Scraped caption text data
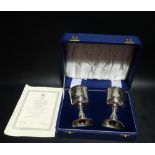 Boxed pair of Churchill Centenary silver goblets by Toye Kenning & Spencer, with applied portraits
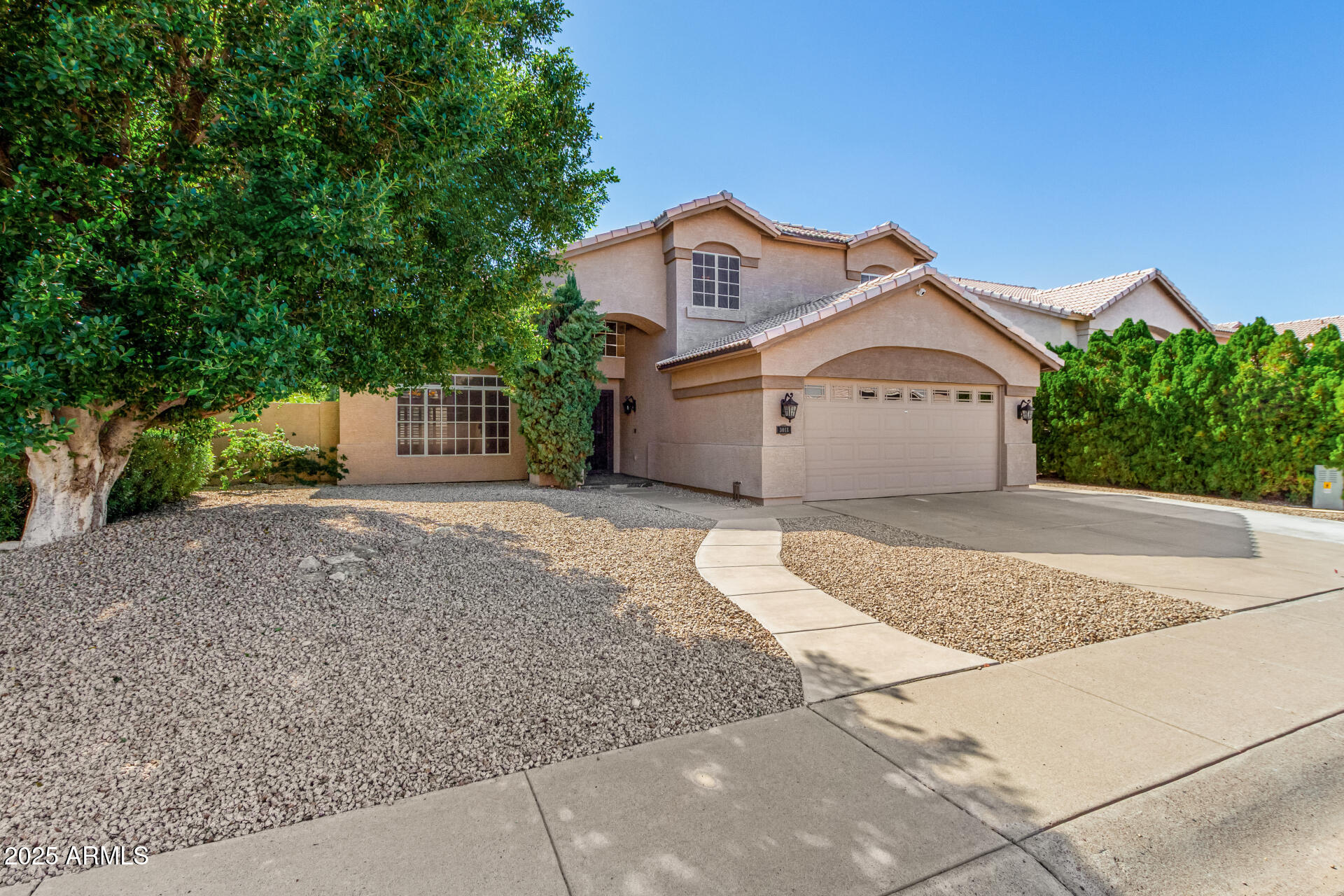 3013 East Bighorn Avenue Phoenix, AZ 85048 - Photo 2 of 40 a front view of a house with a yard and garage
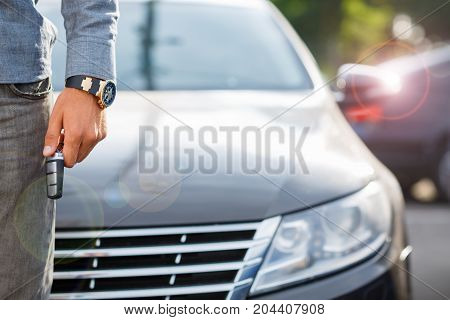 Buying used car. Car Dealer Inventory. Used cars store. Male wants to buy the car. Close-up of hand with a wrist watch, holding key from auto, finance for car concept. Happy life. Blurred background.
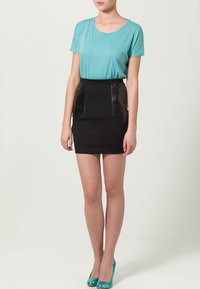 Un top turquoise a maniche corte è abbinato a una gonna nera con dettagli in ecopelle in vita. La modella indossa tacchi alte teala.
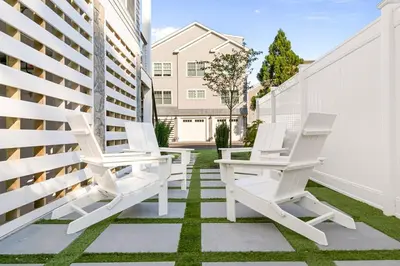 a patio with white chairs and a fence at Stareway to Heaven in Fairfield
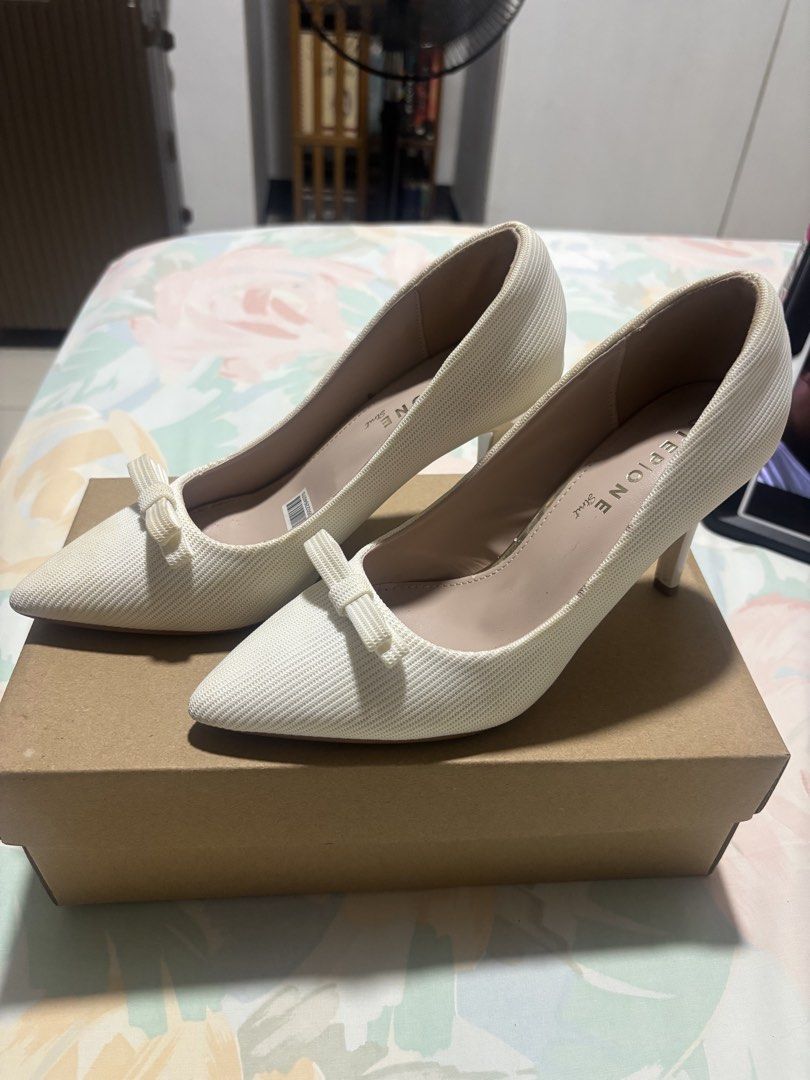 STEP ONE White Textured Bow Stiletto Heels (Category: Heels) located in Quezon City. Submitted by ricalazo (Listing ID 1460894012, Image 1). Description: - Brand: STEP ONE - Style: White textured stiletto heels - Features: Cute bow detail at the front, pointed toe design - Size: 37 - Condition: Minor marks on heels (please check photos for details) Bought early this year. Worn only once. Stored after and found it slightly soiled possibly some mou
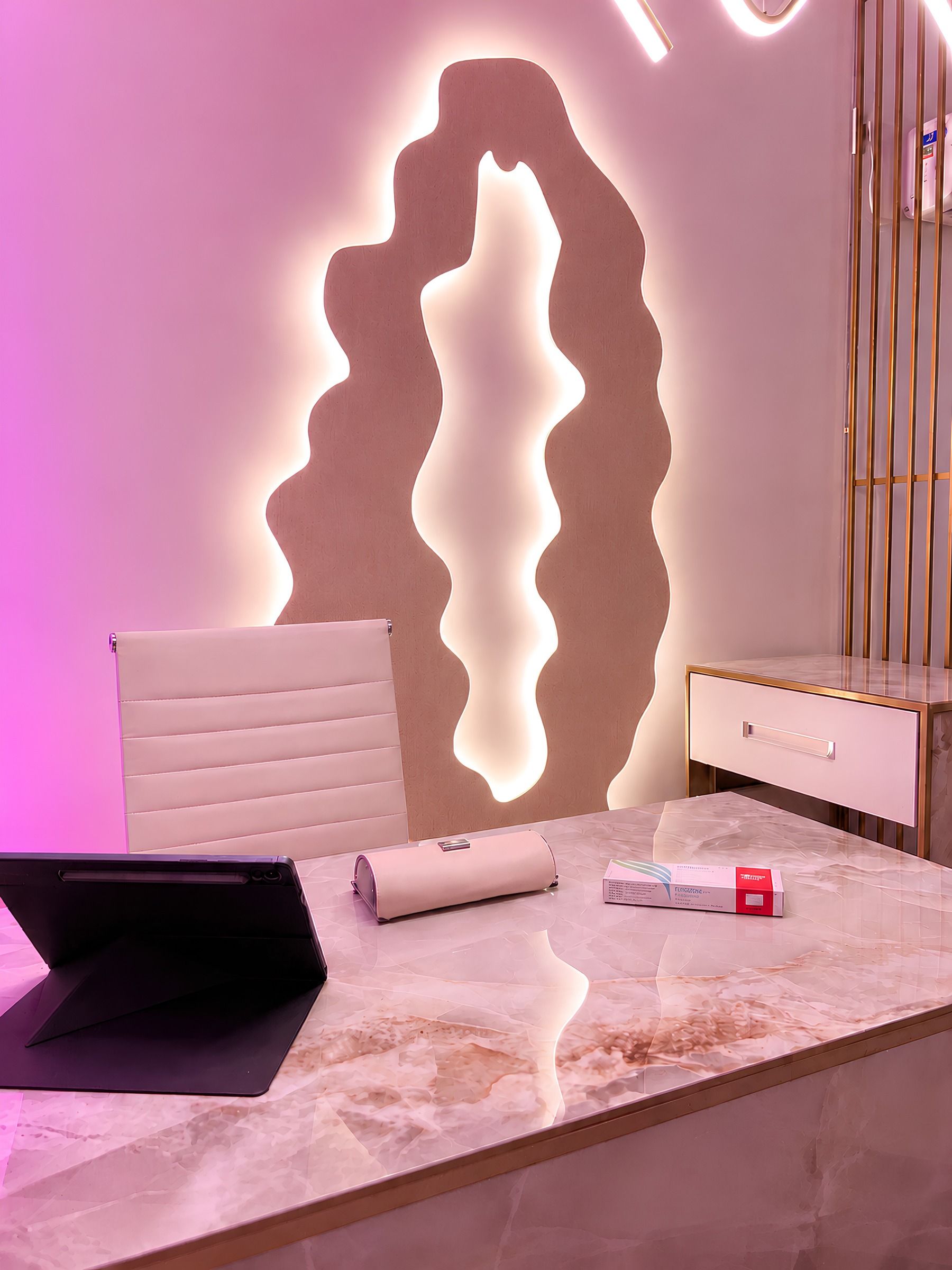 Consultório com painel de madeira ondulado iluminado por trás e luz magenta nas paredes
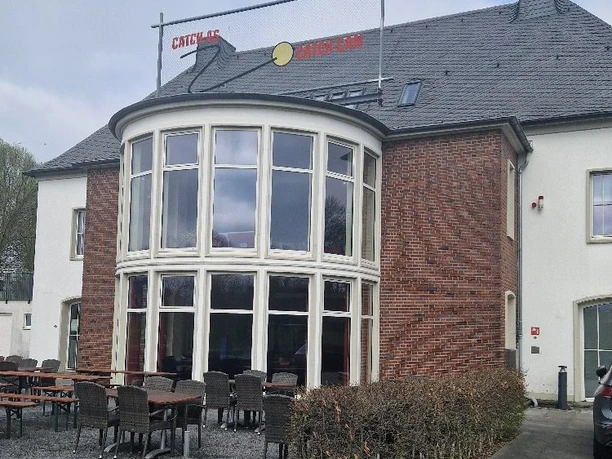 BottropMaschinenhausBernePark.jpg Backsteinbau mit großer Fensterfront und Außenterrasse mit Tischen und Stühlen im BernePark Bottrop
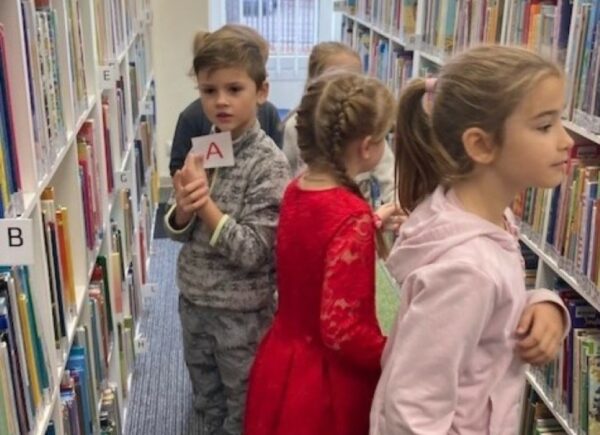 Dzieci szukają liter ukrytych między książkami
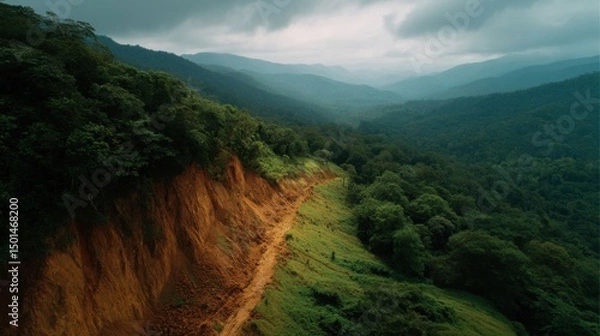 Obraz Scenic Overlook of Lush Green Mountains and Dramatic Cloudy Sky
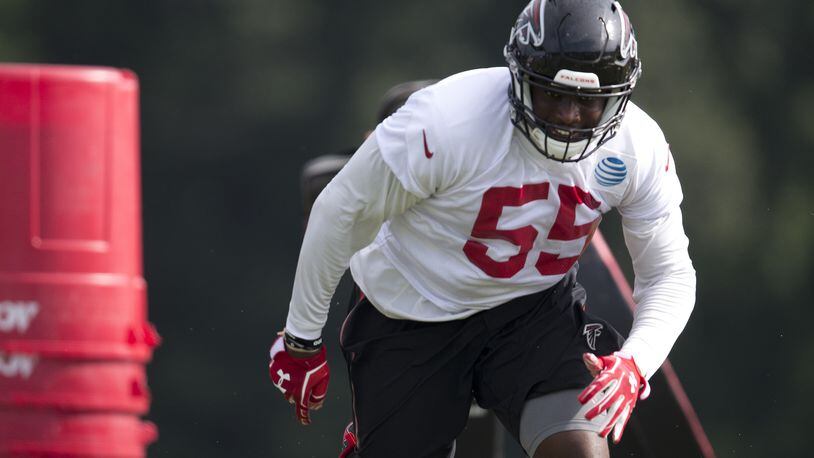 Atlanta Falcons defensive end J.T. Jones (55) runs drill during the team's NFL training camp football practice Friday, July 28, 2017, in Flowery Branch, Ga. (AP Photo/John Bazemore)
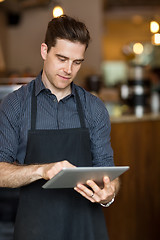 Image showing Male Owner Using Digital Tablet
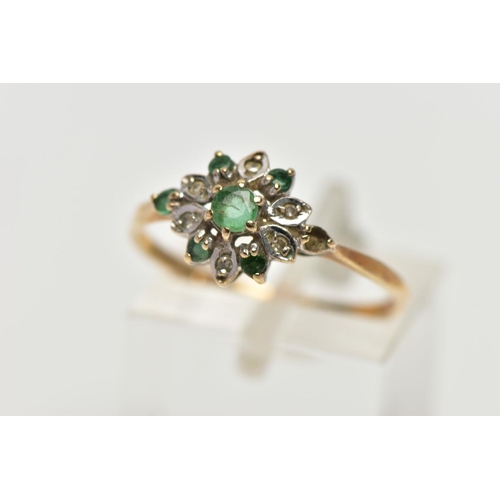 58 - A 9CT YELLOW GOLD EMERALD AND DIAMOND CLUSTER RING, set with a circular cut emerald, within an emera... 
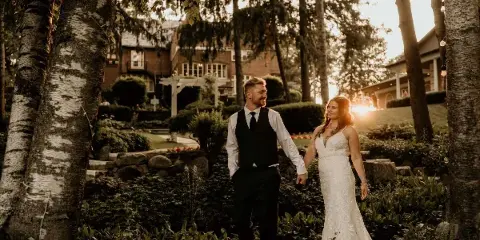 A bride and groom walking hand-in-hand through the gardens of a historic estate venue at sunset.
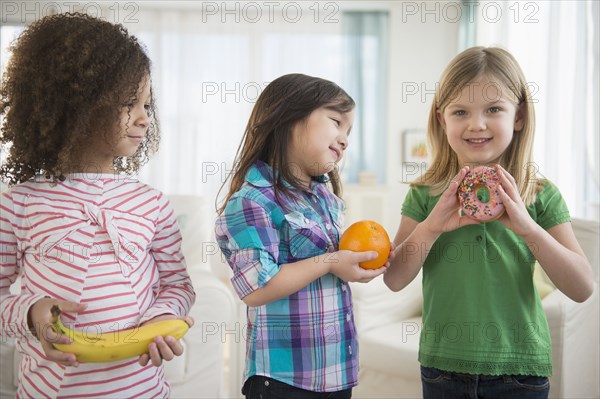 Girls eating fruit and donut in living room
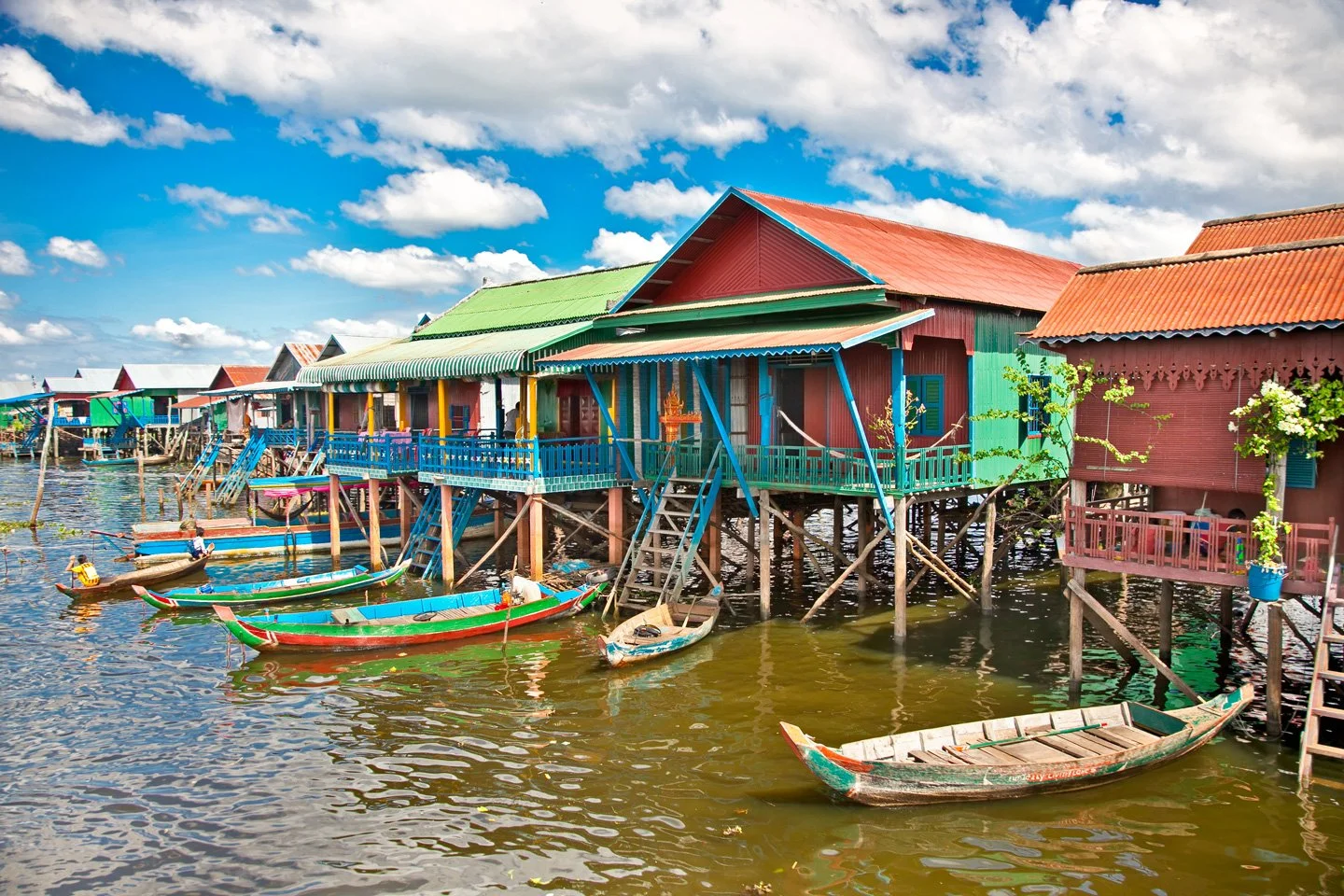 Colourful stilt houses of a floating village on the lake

*Activity*: Skip the pictures, then retype every line above exactly.

*Reply*:
 Boxed pair of Churchill Centenary silver goblets by Toye Kenning & Spencer, with applied portraits
 3013 East Bighorn Avenue Phoenix, AZ 85048 - Photo 2 of 40 a front view of a house with a yard and garage
 Buying used car. Car Dealer Inventory. Used cars store. Male wants to buy the car. Close-up of hand with a wrist watch, holding key from auto, finance for car concept. Happy life. Blurred background.
 Un top turquoise a maniche corte è abbinato a una gonna nera con dettagli in ecopelle in vita. La modella indossa tacchi alte teala.
 a patio with white chairs and a fence at Stareway to Heaven in Fairfield
 STEP ONE White Textured Bow Stiletto Heels (Category: Heels) located in Quezon City. Submitted by ricalazo (Listing ID 1460894012, Image 1). Description: - Brand: STEP ONE - Style: White textured stiletto heels - Features: Cute bow detail at the front, pointed toe design - Size: 37 - Condition: Minor marks on heels (please check photos for details) Bought early this year. Worn only once. Stored after and found it slightly soiled possibly some mou
 Consultório com painel de madeira ondulado iluminado por trás e luz magenta nas paredes
 BottropMaschinenhausBernePark.jpg Backsteinbau mit großer Fensterfront und Außenterrasse mit Tischen und Stühlen im BernePark Bottrop
 Dzieci szukają liter ukrytych między książkami
 Obraz Scenic Overlook of Lush Green Mountains and Dramatic Cloudy Sky
 Atlanta Falcons defensive end J.T. Jones (55) runs drill during the team's NFL training camp football practice Friday, July 28, 2017, in Flowery Branch, Ga. (AP Photo/John Bazemore)
 Image showing Male Owner Using Digital Tablet
 58 - A 9CT YELLOW GOLD EMERALD AND DIAMOND CLUSTER RING, set with a circular cut emerald, within an emera... 
 A bride and groom walking hand-in-hand through the gardens of a historic estate venue at sunset.
 Girls eating fruit and donut in living room
 Colourful stilt houses of a floating village on the lake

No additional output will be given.